” … reading “intensively” [was] the common practice of most readers before the nineteenth century, when books, which were scarce and expensive, were often read aloud and many times over. As reading materials—not just books, but newspapers, magazines, and ephemera—proliferated, more recent centuries saw the rise of reading “extensively”: we read these materials once, often quickly, and move on.”
I have favourite fiction books I have read many times, favourite films/series I have watched many times, and favourite reference books. Wearing my non-fiction editor hat, I read things at least three times, first for the gist, second to line-edit, third to check my edit. Maybe it’s inevitable that I revisit subjects and locations to paint them time and again, looping around and coming back to things with myself being the variable not the constant.
Random fact: “Extense” is an archaic word. “Intense” we still use.
” …you can take the first draft of any poem and improve it 80% by lopping off the first and last stanzas.
“… with the first stanza we are struggling to get the creative juices flowing; by the end of the poem we are so enamored with what we are doing that we don’t want to stop
“… what do we agonize over most when writing a piece? The first sentence, the first paragraph, the first scene. Jump in, don’t worry about it; assume you’ll throw this part out when you revise, anyway.”
“If the subject matter were the most important part of a painting, then you would no longer need to paint.
“… everything under the sun has already been painted. The humble holly tree is not itself important, but how your perceptions are used to interpret those impressions through paint is what matters most.” Suzanne Brooker, “Elements of Landscape Oil Painting”, p10
Worry Focus less about what you’re painting and more on how you’re painting it.
“If you can’t quite capture what you’re seeing yet, write down your observations. Draw an arrow pointing to the part of the drawing … record what you are learning.” Danny Gregory,How to Draw Without Talent, page 67
“Yet” is perhaps the most vital tool in our pencilbox. It shifts a negative into the optimistic: “I can’t” vs “I can’t, yet”.
It’s not a measure of time. It’s a statement of belief.
“Yet” may happen next week, next year, years from now, or tomorrow. Yet may take longer than we wish, or it may surprise us. There’s no way to know for certain, but if you leave off the “yet”, you leave off any possibility that it will happen, because believing in yourself is the first step.

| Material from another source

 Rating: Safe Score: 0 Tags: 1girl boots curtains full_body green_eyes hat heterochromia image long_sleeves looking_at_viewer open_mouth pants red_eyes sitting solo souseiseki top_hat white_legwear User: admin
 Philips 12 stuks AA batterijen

We find it so easy to believe we’ll fail. Have the same degree of conviction in your “yet”.
“…the vernacular of the sketchbook is the unintended, the improvised, the hasty, the un-fussy — the value of all that matures nicely and richly rewards looking back.

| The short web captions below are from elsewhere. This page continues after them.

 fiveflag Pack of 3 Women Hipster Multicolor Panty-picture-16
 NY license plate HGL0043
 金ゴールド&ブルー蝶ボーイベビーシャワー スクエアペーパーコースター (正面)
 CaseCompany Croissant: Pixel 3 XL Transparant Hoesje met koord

“…The more intimately you treat your sketchbook and the more uninhibited you are within it, the more value it will offer you. Accept that it will look very weird to spies. Christopher Butler, on Twitter 15 Aug 19
A sketchbook is a repository, a thoughts/ideas/words/drawings bank. But not a dictionary, all the information lined up alphabetically in neat columns. It’s a reflection of life in all its influences, uncertainties, unclarifiable messy chaos.
People can ask to see it. You can offer it to others to page through. But you are not responsible for what others get from looking at it and don’t have to justify nor explain it.
“…what happens at about the age of 5, when people enter the school system, is that drawing and writing become split. That’s when there’s some idea that those two things need to be moved away from each other. Even to the point, you know, where we start looking at books that have more words than pictures.” — Lynda Barry. Drawing ‘Has To Come Out Of Your Body’
Use words in your sketchbook. Bring back the integration of words and pictures that’s so enjoyable in illustrated books, comics, graphic novels. Don’t believe that sketchbooks are for images only.
Sometimes I mostly use words. It doesn’t turn my sketchbook into a diary, it just means I was in a words mood not a drawing mood.
“Afraid is a country where they issue us passports at birth and hope we never seek citizenship in any other country. The face of afraid keeps changing constantly, and I can count on that change. Audre Lorde, 18 February 1984 diary entry, A Burst of Light and Other Essays, via Brainpickings
Uncertainty is a certainty of life.
Uncertainty is a certainty of art.
Being afraid to try, being afraid of failure, being afraid of letting ourselves down is so much easier than hoping for success, hoping for discovery, hoping to enjoy the process of learning. Choose hope over fear, and find like-minded people rather than naysayers.
“There is, has been, and will always be a certain group of people whom inspiration visits. It’s made up of all those who’ve consciously chosen their calling and do their job with love and imagination.
“… Difficulties and setbacks never quell their curiosity. A swarm of new questions emerges from every problem they solve.
“Whatever inspiration is, it’s born from a continuous “I don’t know.
“…This is why I value that little phrase “I don’t know” so highly. It’s small, but it flies on mighty wings. It expands our lives to include the spaces within us as well as those outer expanses in which our tiny Earth hangs suspended. ”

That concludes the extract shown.